● **What this task involves**: Copy out the data below as written; omit any images.

● **Dataset extract**:

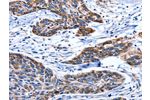 The image on the left is immunohistochemistry of paraffin-embedded Human esophagus cancer tissue using CSB-PA186529(AQP8 Antibody) at dilution 1/75, on the right is treated with synthetic peptide. (Original magnification: 
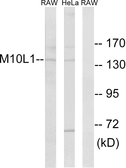 Anti-MOV10L1 antibody used in Western Blot (WB). GTX87827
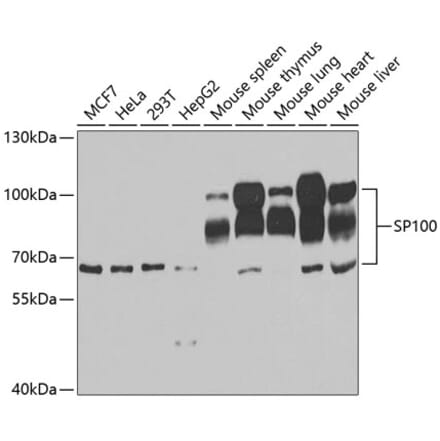 Western Blot - Anti-SP100 Antibody (A11889) - Antibodies.com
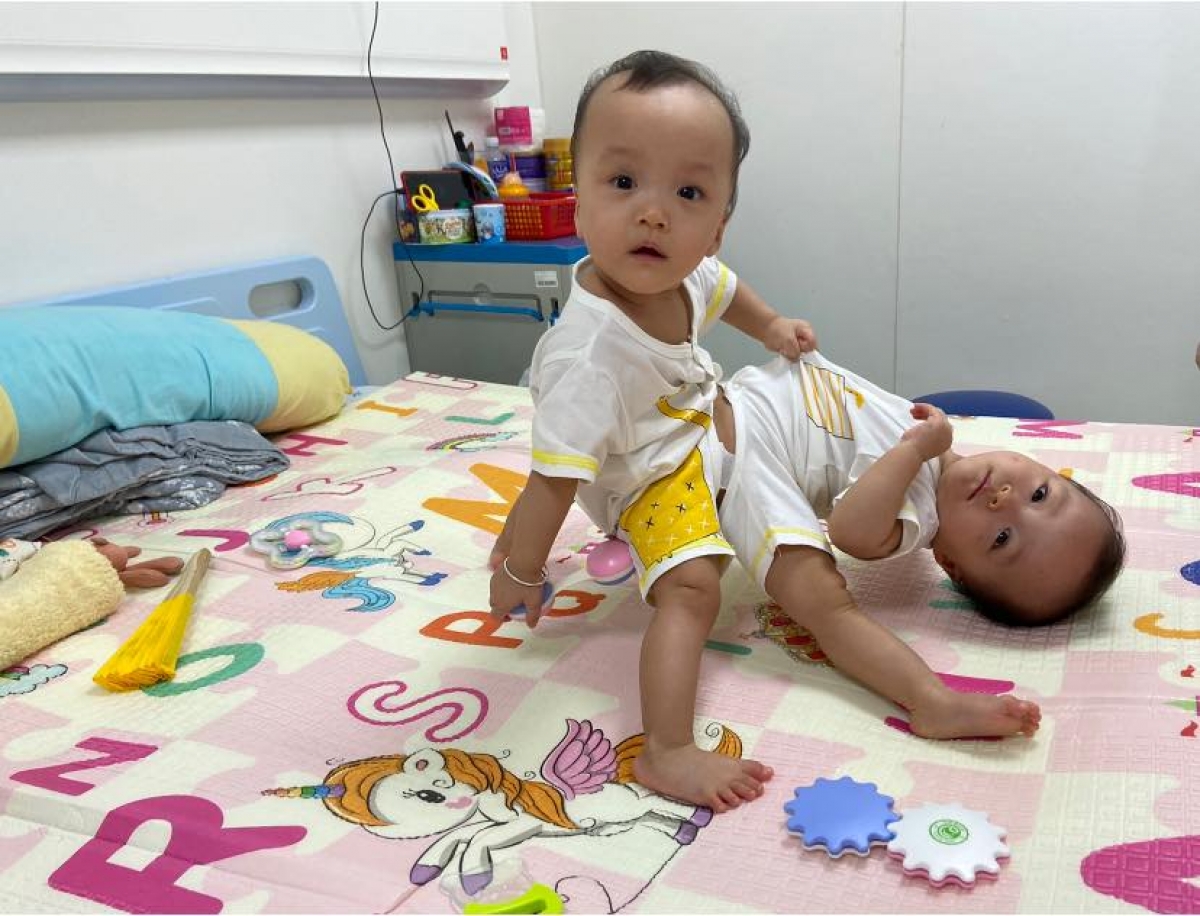 Song Nhi trước khi được phẫu thuật tách rời. Nguồn ảnh: BV Nhi đồng TP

● **Completed task**:
 The image on the left is immunohistochemistry of paraffin-embedded Human esophagus cancer tissue using CSB-PA186529(AQP8 Antibody) at dilution 1/75, on the right is treated with synthetic peptide. (Original magnification: 
 Anti-MOV10L1 antibody used in Western Blot (WB). GTX87827
 Western Blot - Anti-SP100 Antibody (A11889) - Antibodies.com
 Song Nhi trước khi được phẫu thuật tách rời. Nguồn ảnh: BV Nhi đồng TP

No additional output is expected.